Am 26. Mai läuft die Übergangsfrist der EU-Medizinprodukteverordnung (MDR) ab. Das Bundesministerium für Gesundheit (BMG) hat nun einen Gesetzentwurf vorgelegt, mit dem das deutsche Medizinprodukterecht an die neuen Vorgaben angepasst werden soll. Wie ist die aktuelle Lage, acht Monate vor dem Tag X, aus Sicht der Hersteller von Software-Medizinprodukten zu bewerten?

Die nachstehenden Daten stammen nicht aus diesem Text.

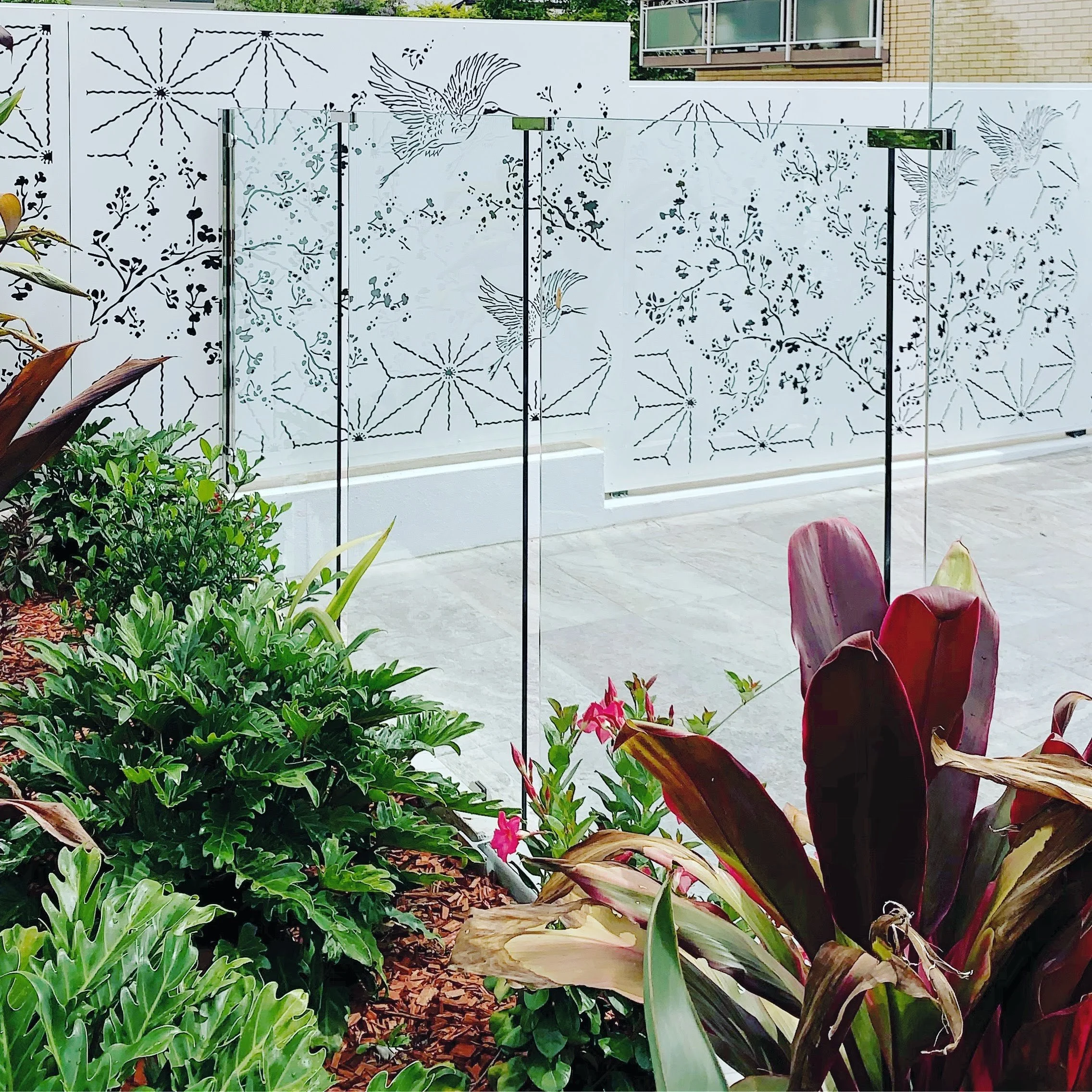 Japanese inspired landscaping fence panels. laser cut design. urban metal. privacy screens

Eines gleich zu Beginn: Das Grundproblem, das vielen Medizinprodukteherstellern Kopfzerbrechen bereitet, vermag das geplante Gesetz nicht zu lösen. Denn die mit dem Ende der Übergangsfrist anstehenden großen Veränderungen hinsichtlich Zulassung, Zertifizierung und Klassifizierung ihrer Produkte sind unausweichlich. Besonders betroffen sind davon Softwareanbieter: Viele ihrer Produkte werden künftig einer höheren Risikoklasse (mindestens IIa) zugeordnet werden und müssen damit ab Mai von einer Benannten Stelle zertifiziert sein, um eine Marktzulassung zu erhalten. Von rund 60 dieser europaweit Benannten Stellen wurden nach heutigem Stand allerdings gerade einmal fünf nach MDR rezertifiziert, drei davon in Deutschland. Angesichts dieser Zahlen ist es offensichtlich, dass die Kapazitäten zur Beurteilung existierender und neuer Produkte mittelfristig bei Weitem nicht ausreichen. Um Versorgungsengpässe zu vermeiden, ist eine Verlängerung des Übergangszeitraums, in dem nach dem alten Verfahren zertifizierte Produkte weiterverwendet werden dürfen, unumgänglich. Eine entsprechende Entscheidung kann jedoch nur auf EU-Ebene getroffen werden, weshalb sich die Bundesregierung in Brüssel weiterhin für eine Lösung einsetzen muss.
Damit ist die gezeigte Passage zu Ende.